Abu Talib, Juliette Récamier, and Touristic Worldmaking
Published online by Cambridge University Press: 16 March 2025
11. Daniel O’Quinn’s ‘Metropolitan Thresholds: Abu Talib, Juliette Récamier, and Touristic Worldmaking’ presents the ‘accidental tourist’ Abu Talib as one who – even as he was the object of others’ attention – sought to resist being absorbed into a celebratory idea of the imperial metropolis as a world city that subsumed multitudes. O’Quinn considers the critical dialogue between Abu Talib’s Masir-i-Talibi (later translated as Travels of Mirza Abu Taleb Khan) and works such as Richard Phillips’s Modern London (1804), and it also discusses an episode where, at a masquerade hosted by Mrs Orby Hunter, the ‘Persian Prince’ encountered among others a non-elite Briton passing as a ‘Hindoo Rajah’ and the French socialite Juliette Récamier.

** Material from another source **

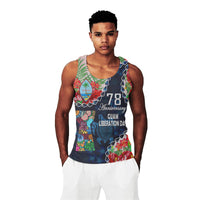 Guam Liberation Day Men Tank Top Latte Stone Hibiscus Painting LT9 - Polynesian Pride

For O’Quinn, Abu Talib manipulated the fantasies which others imposed upon him, and rather than offer a reflection of British imperial power instead provided a longue durée perspective on its transience: O’Quinn’s conclusion regarding Abu Talib’s ‘latitude to both bear witness to the metropole and displace its claim to centrality’ provides a fitting end to this volume.